For the entries below, copy exactly the line that contains "Women Tassel Pointed" through the line that contains "Used Mercedes-Benz V-Class", both ends included, and exclude all pictures.

## INFORMATION
-- Opening Marker --

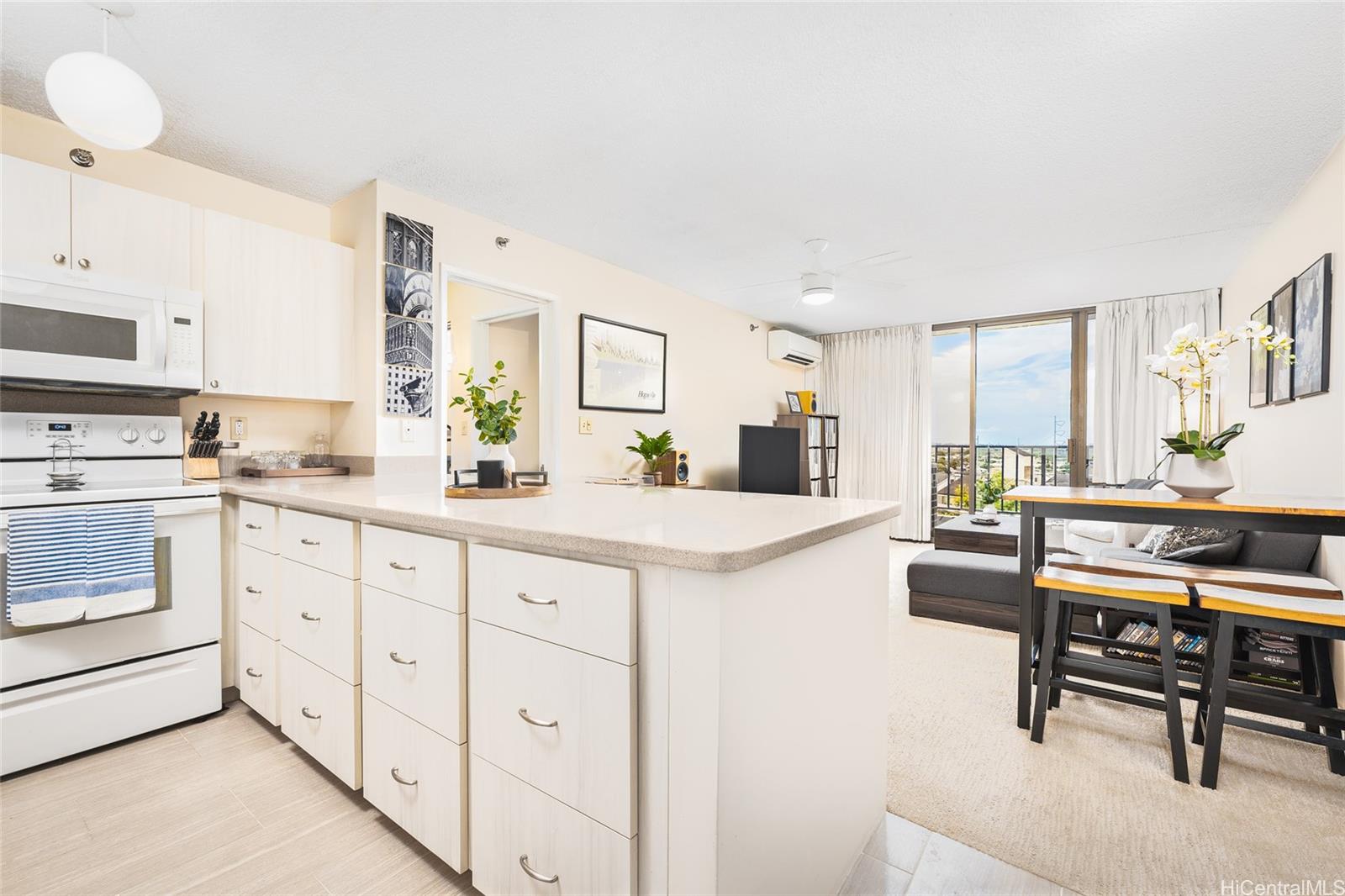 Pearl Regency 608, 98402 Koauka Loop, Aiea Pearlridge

-- Closing Marker --
-- Opening Marker --

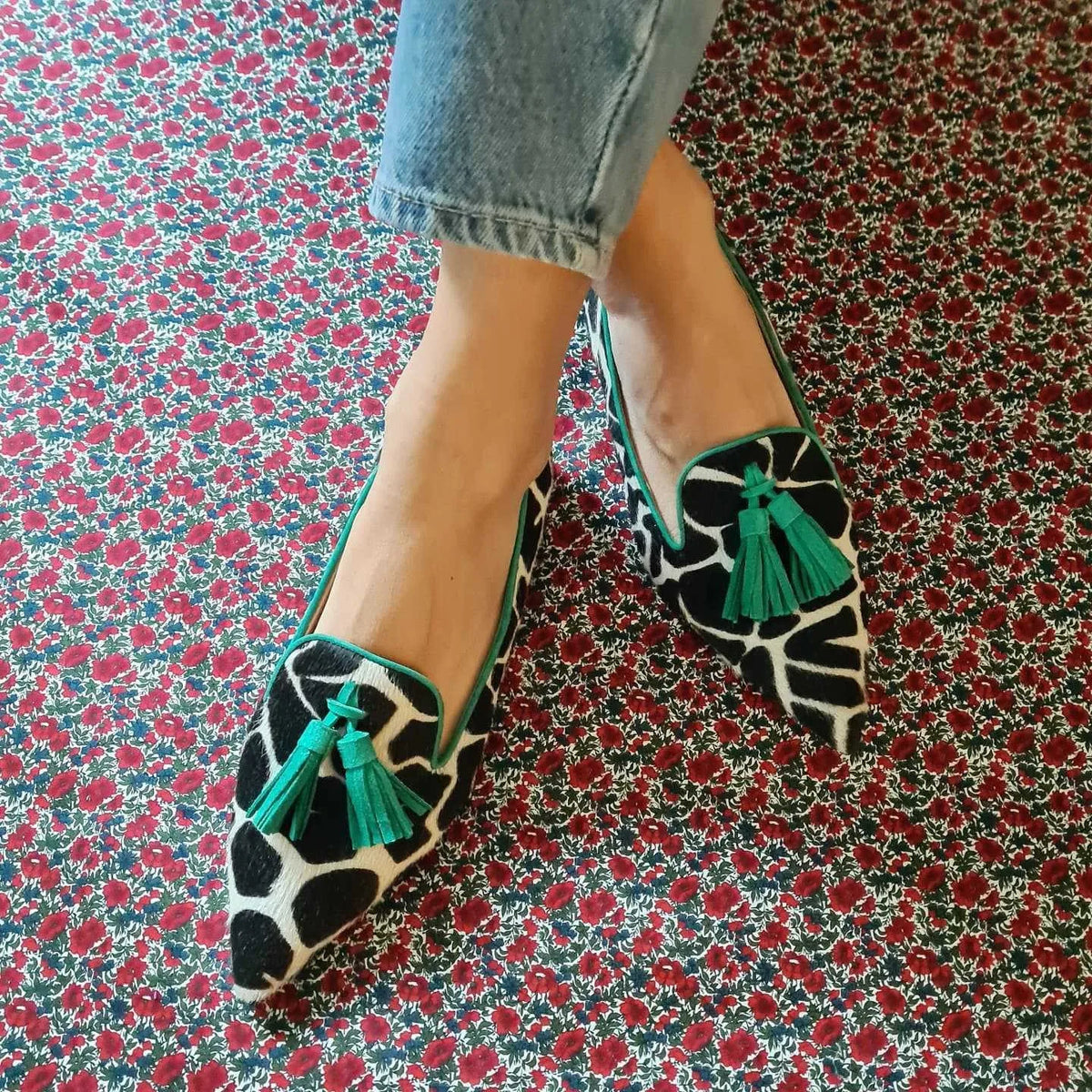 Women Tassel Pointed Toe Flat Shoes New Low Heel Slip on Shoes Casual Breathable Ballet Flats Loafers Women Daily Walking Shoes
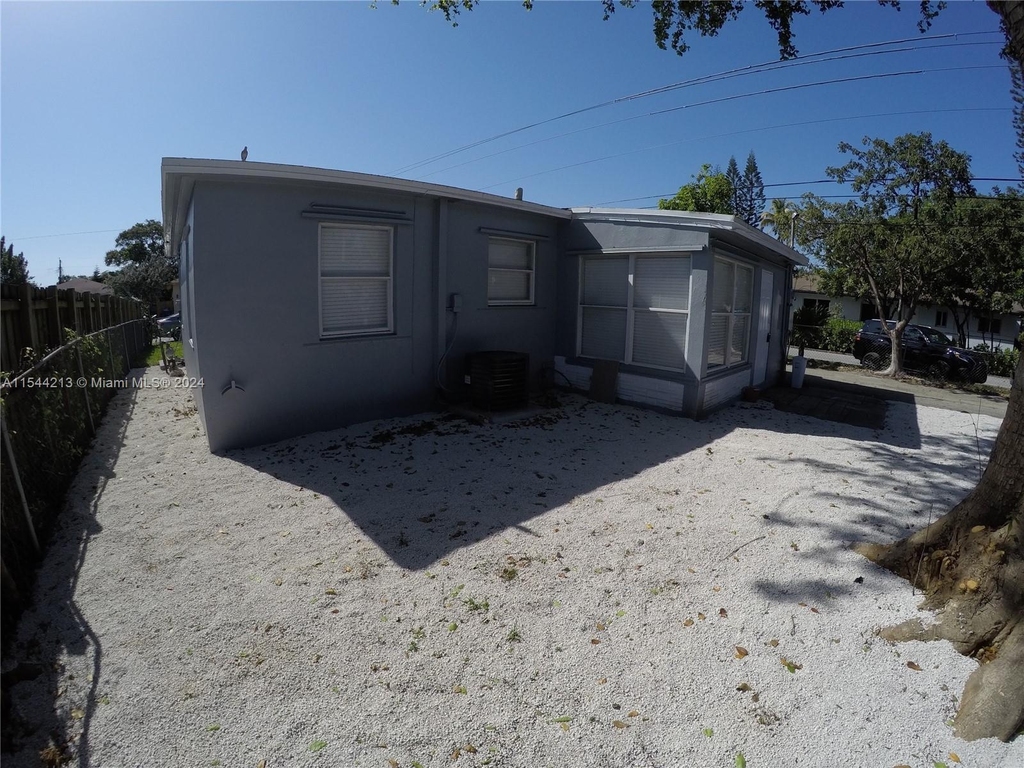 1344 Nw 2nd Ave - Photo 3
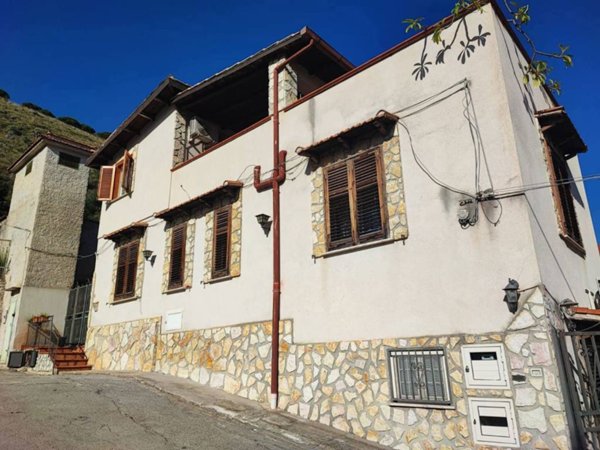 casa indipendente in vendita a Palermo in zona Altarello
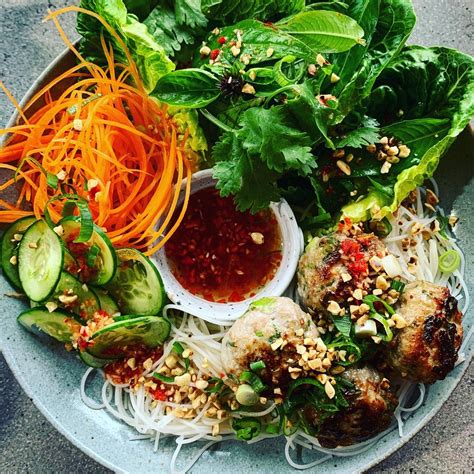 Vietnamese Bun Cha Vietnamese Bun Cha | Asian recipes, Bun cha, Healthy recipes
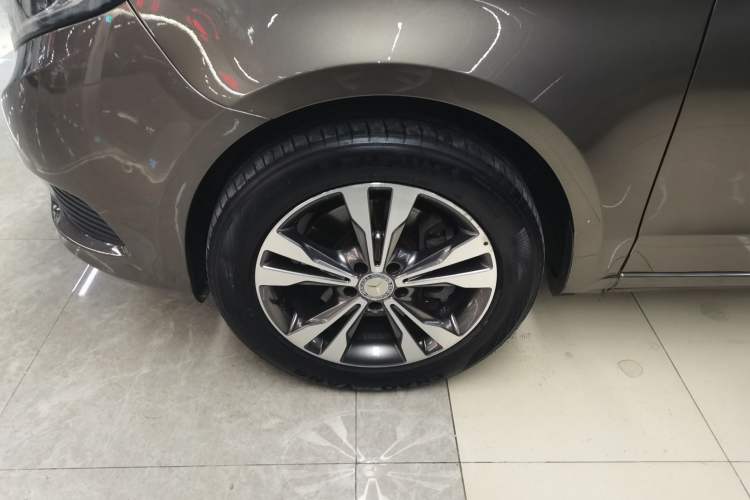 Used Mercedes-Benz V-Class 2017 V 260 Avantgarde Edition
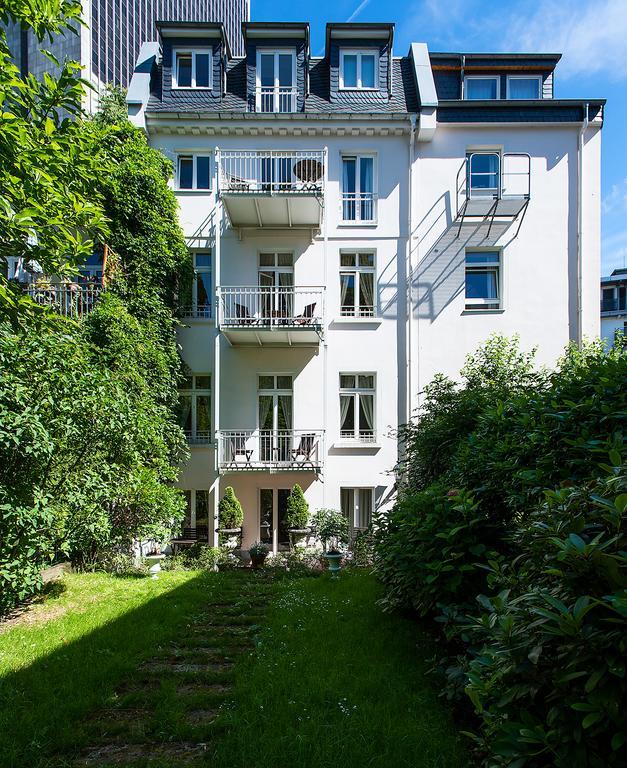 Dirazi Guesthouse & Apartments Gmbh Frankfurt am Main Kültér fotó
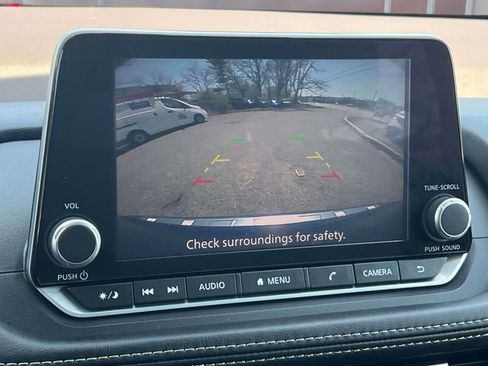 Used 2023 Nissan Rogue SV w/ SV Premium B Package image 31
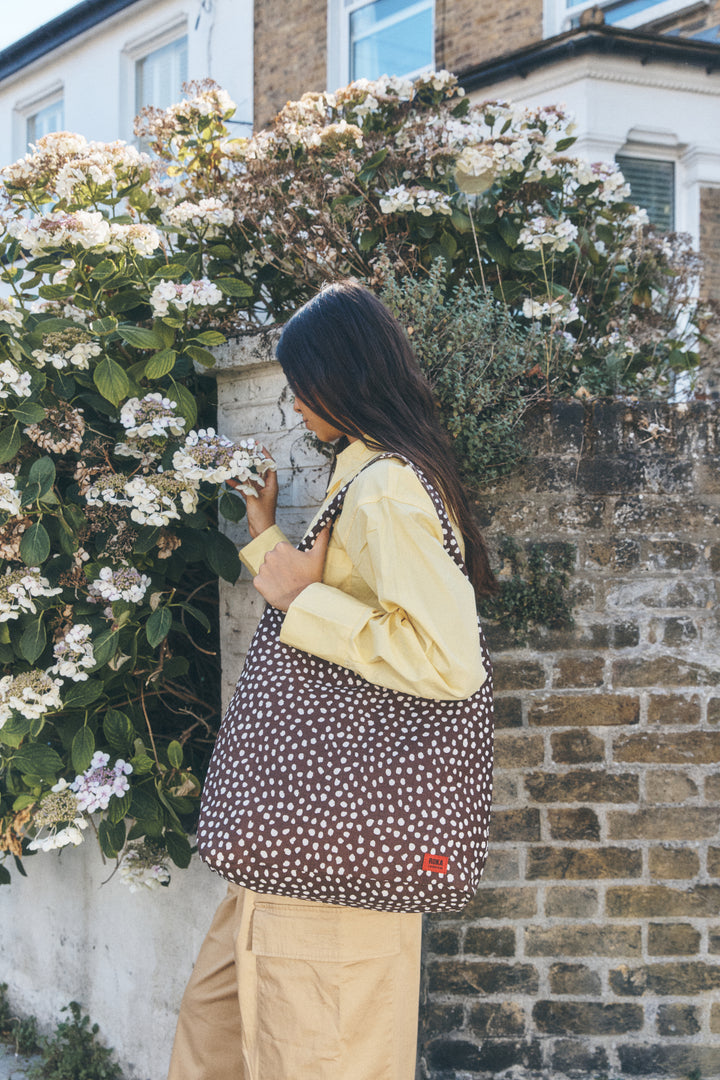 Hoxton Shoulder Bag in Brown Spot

-- Closing Marker --
-- Opening Marker --

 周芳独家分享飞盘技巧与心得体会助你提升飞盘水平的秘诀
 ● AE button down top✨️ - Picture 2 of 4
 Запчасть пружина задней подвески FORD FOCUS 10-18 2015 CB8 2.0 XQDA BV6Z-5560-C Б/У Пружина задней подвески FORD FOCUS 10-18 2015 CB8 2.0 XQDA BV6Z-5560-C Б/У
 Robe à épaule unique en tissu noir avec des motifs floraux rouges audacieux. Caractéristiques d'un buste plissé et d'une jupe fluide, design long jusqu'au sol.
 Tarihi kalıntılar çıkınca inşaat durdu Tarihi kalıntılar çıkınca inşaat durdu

-- Closing Marker --

## REPLY TO THE EXERCISE
 Women Tassel Pointed Toe Flat Shoes New Low Heel Slip on Shoes Casual Breathable Ballet Flats Loafers Women Daily Walking Shoes
 1344 Nw 2nd Ave - Photo 3
 casa indipendente in vendita a Palermo in zona Altarello
 Vietnamese Bun Cha Vietnamese Bun Cha | Asian recipes, Bun cha, Healthy recipes
 Used Mercedes-Benz V-Class 2017 V 260 Avantgarde Edition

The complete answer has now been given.